On March 12, 2020, the National Company Law Appellate Tribunal (‘NCLAT’) dismissed an appeal challenging CCI’s approval of Walmart International Holdings’ (‘Walmart’) acquisition of between 51% and 77% of the shareholding in Flipkart Private Ltd. (‘Flipkart’) (‘Proposed Combination’). The appellant, Confederation of All India Traders (‘CAIT’) had also raised objections when the CCI was reviewing the Proposed Combination[1].

Per CAIT, the Proposed Transaction would be detrimental to Flipkart’s non-preferred sellers. CAIT alleged that subsequent to the Proposed Transaction, Walmart would have effective control over Flipkart’s e-commerce platform and web of preferential sellers. This, according to CAIT, would result in Walmart’s inventory getting preference and being sold through preferred sellers.

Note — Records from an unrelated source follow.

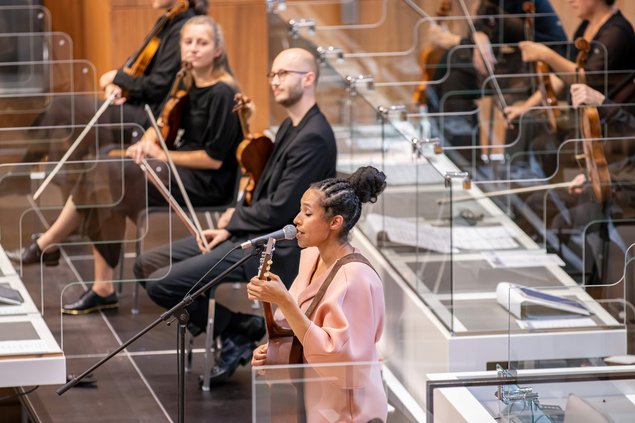 Bild: © Lea Schunk/Niedersächsischer Landtag Sängerin Tokunbo Akinro und das Orchester musizieren auf den eigentlichen Regierungsbänken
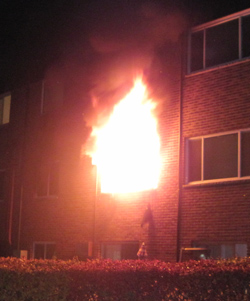 Flames shooting out of apartment window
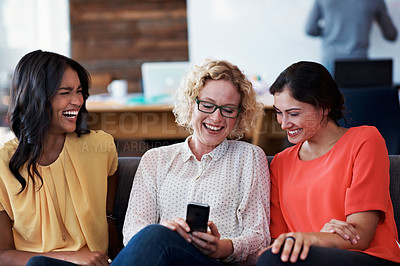 Buy stock photo Cropped shot of three businesswomen laughing while looking at a cellphone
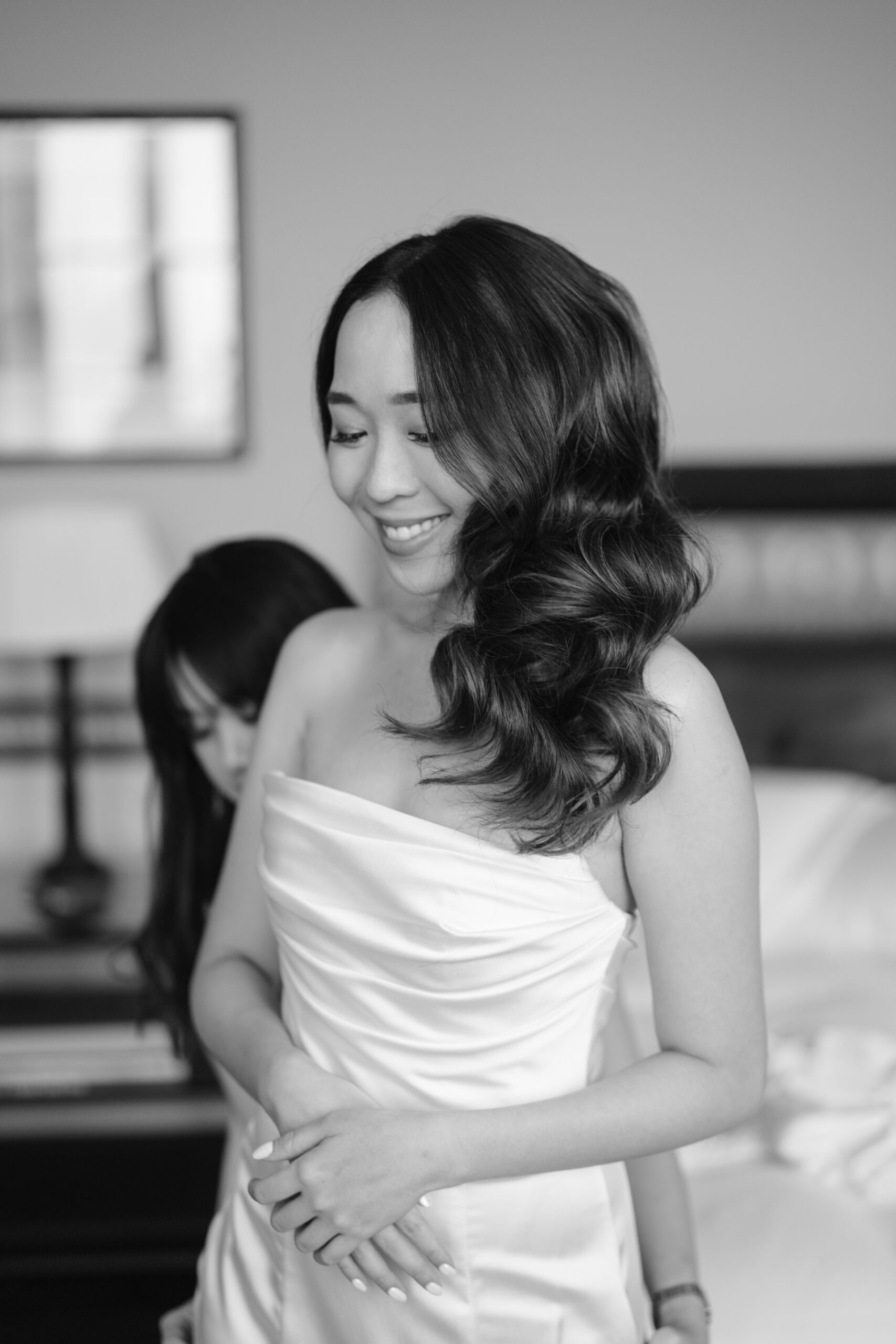 A smiling woman in a strapless dress stands indoors as someone helps her from behind. The scene is in black and white, with soft lighting and a blurred background.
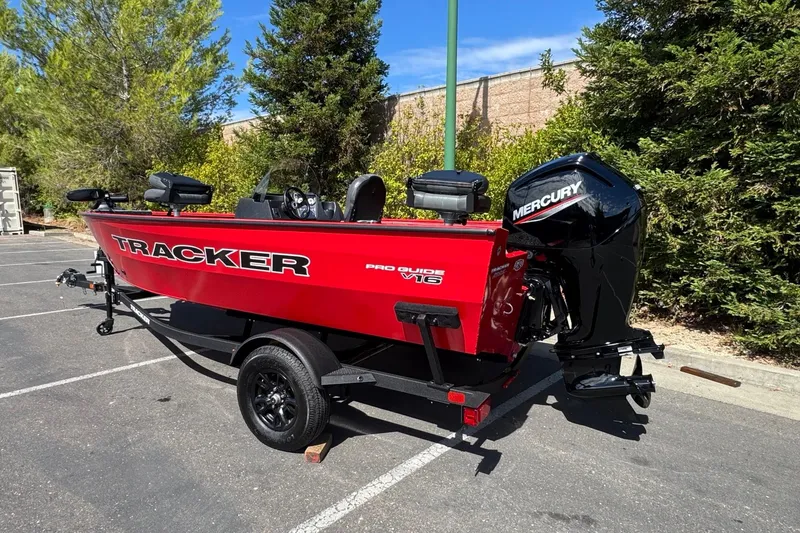 Slide: The Image of 2026 Tracker Pro Guide V-16 SC boat with Mercury engine in parking lot. - 6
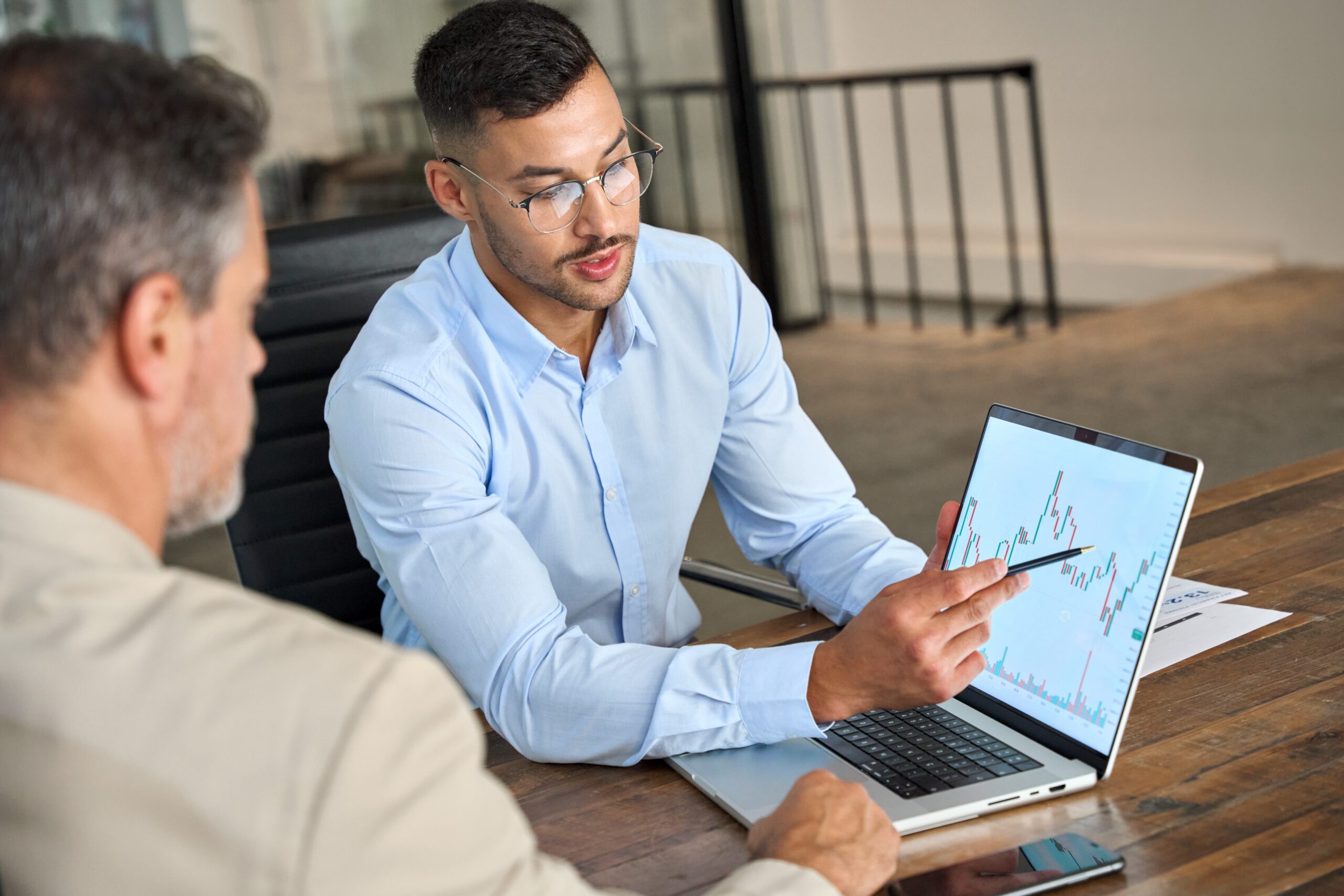 Financial,Advisor,Explaining,Invest,Stock,Market,Data,Consulting,Investor.,Two A person pointing to a grpah on a laptotp screen to show someone else next to them a specific data point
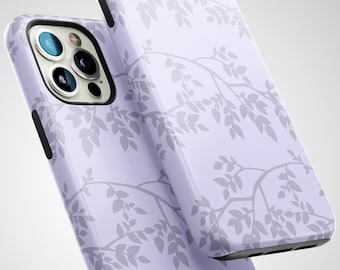 May include: Two lavender phone cases with a gray leaf branch pattern. The cases have black edges and are angled towards the viewer, showcasing the camera lenses and overall design. The cases are glossy and reflect light.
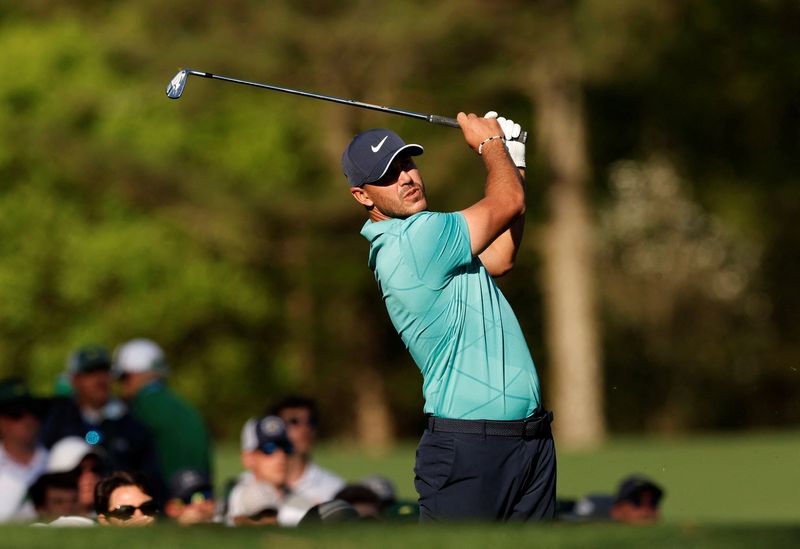 FILE PHOTO: Golf - The Masters - Augusta National Golf Club - Augusta, Georgia, U.S. - April 7, 2022 Brooks Koepka of the U.S. tees off on the 13th during the first round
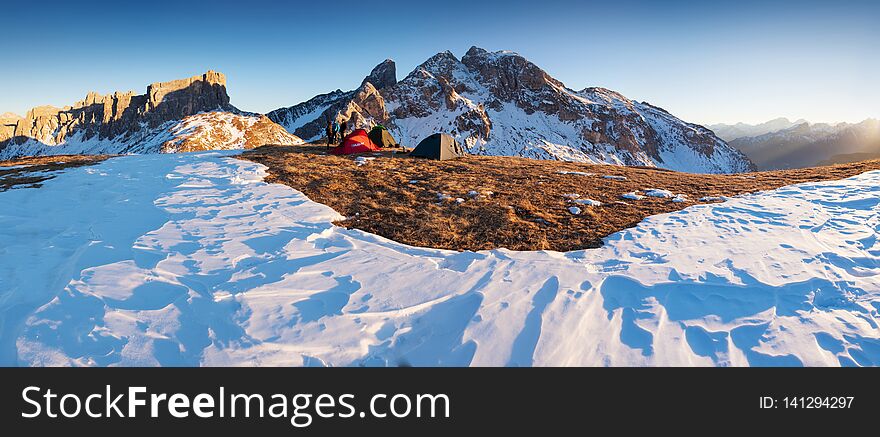 Winter camp, Sunny day, shining green and red  tent in the snow. Sleeping in the snow outside. Alps mountains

Additionally, CAIT alleged that: (i) some of the preferred sellers of Flipkart have common directors, investors, employees, etc. with Flipkart; (ii) Flipkart has a history of entering into exclusive tie-ups in markets where it has high market shares, which are only available to its web of preferential sellers; (iii) Flipkart gives preferential listing to its preferred sellers, with the non-preferred sellers being pushed down in the listings to subsequent pages, despite having products of the same quality as those of the preferred sellers; and (iv) non-preferred sellers are forced to partner with Flipkart at highly discriminatory terms and conditions since they are blocked at times and their listings are made inactive. CAIT alleged that these practices of Flipkart, which resulted in denial of market access, would be magnified post the Proposed Combination.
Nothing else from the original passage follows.